Wednesday, February 22, 2012

The Thin Red Life Meter

-Me, watching this shitpile of an endgame.

Actually, I'm willing to bet Anders hasn't actually been chanting "this game is shit this game is shit this game is shit" for the past 45 hours.

Yeah, every mage in the world was basically on the edge of their seat waiting for you to do mage 9/11.

Does this mean we weren't having three-ways all those times? Because if so I'm really disappointed on being sold a false bill of goods.

Valerie longingly thinks back to her own missed opportunity to devastate Kirkwall at the Arishok's side.

Yeah, that'd be another whole quest to implement and let's face it, Bioware was really running out of ones and zeroes to program all those trash mobs at this point.

This is exactly how terrorism works irl and it is truly the most effective method of political change.

Oh man, this is a moral quandary Valerie's facing! time to consult the experts:

Unfortunately, there aren't any, so she decides to ask our dipshit buddies instead.

Thanks for the input, Fenris.

Thanks for the input, Merrill.

THANK YOU VARRIC.

Anyway, Valerie realizes that if we get rid of Anders we lose the only mage in the party with any healing spells at all so-
Oh yeah, she also loses her only steady supply of dick, so that factored into the decision making process too.

Oh thank god, for a moment there I thought you were going to embrace pacificism and nonviolent resistance.

This is false.

Ah Bethany, funny how we always seem to run into each other when the city is being razed to the ground.

That's right, we've finally graduated from Escape from LA references to Escape from New York! Bioware's bringing out the big guns now!

Haha yeah, my mage sister who's been on the run from the templars since birth, really here to cheer them on.

Probably should have changed out of your Warden armor then, there might be a little backlash over this...

"I blamed you for keeping me alive instead of letting me die or turn into a darkspawn."

As a bonus, nothing about the gameplay experience has changed since act 1 anyway!

So we're heading to the gallows, when all of a sudden, we get distracted by the siren song of trash mobs.
Noice, Deus Ex reference. Goldmine.

Another mage pushed to deminic possession by templar brutality. When will this cycle of violence end?

Well, okay, but only because the game won't let me proceed until I do.

trash mob.

In a rare acknowledgment of in-game choices, the mage trash mob DOESN'T attack you this time around.
Then we get to the harbor, because actually letting you use in-game map to get to the gallows would be way too easy.
Plus, think of all the thrilling combat you'd miss!

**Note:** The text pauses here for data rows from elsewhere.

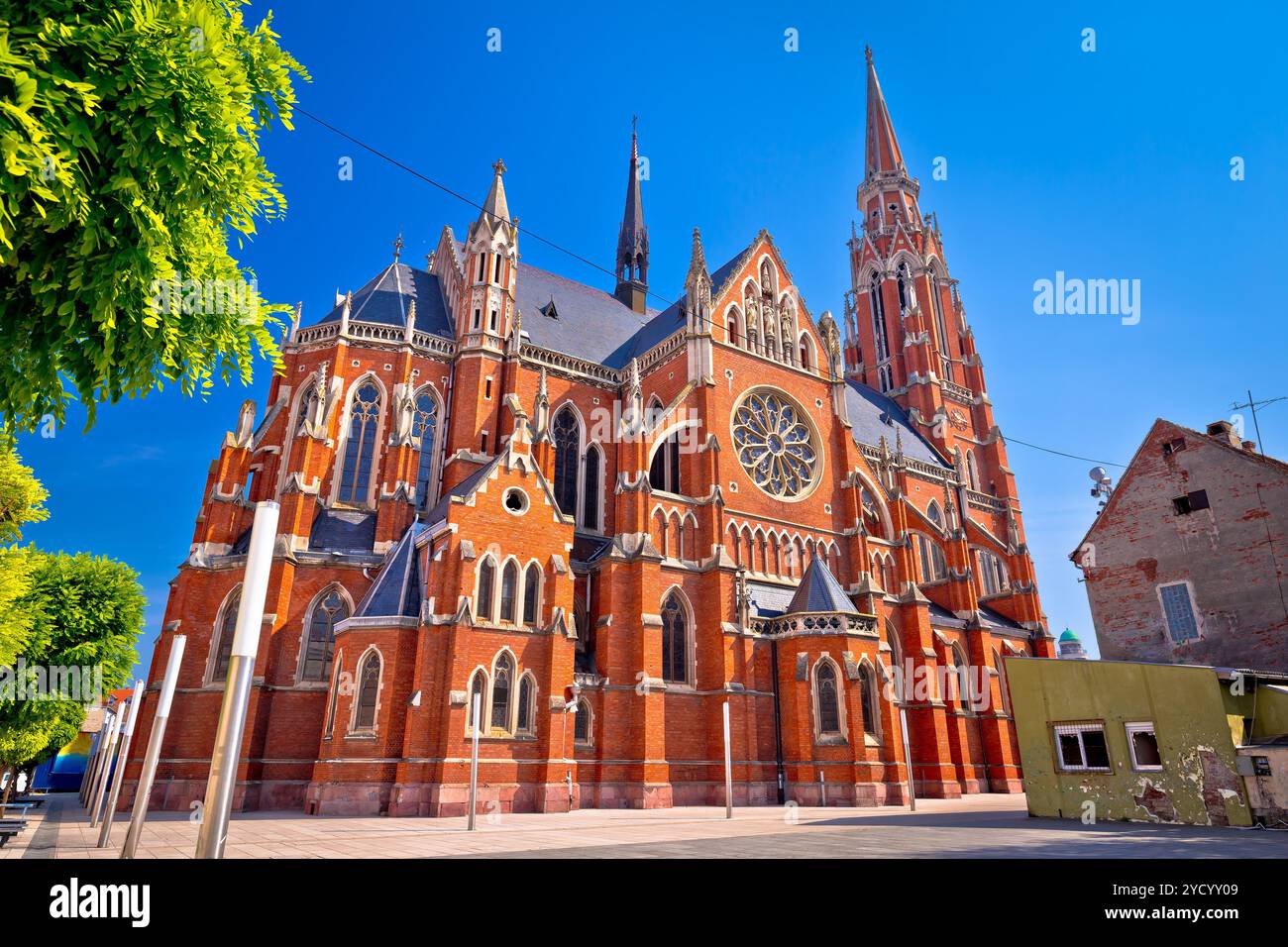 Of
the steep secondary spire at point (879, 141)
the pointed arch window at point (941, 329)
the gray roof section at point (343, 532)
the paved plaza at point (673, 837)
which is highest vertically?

And finally, we get another thrilling pre-rendered cutscene as our boat(???) approaches the gallows!


Yes, let's get this game over with quickly!

Is this it? Is this the final confrontation?

Oh man, it looks like it! Neither side's gonna back down!

There are two types of mages: house mages and field mages. I think it's clear who the house mage is here.

Again, the Kirkwall populace is a nonentity for this entire game.

I was hoping for an ending, period.

That was obvious like 30 hours ago.

I'm disappointed in myself too.

Alright, this is it. This is the final battle. Let's do this.

what

IT WAS SUPPOSED TO BE

I don't know why we couldn't have the final boss battle right now and instead had to break the forward momentum of this sequence by introducing some forced retreat, but I guess that's why I'm not a big league Bioware game designer right now, and also why I can't get any grade-A Hepler-quality vagina.

9 comments:

  1. This is not really timely, but is Anders supposed to be handsome? He looks like a doughy lady soccer coach with a fake five o'clock shadow.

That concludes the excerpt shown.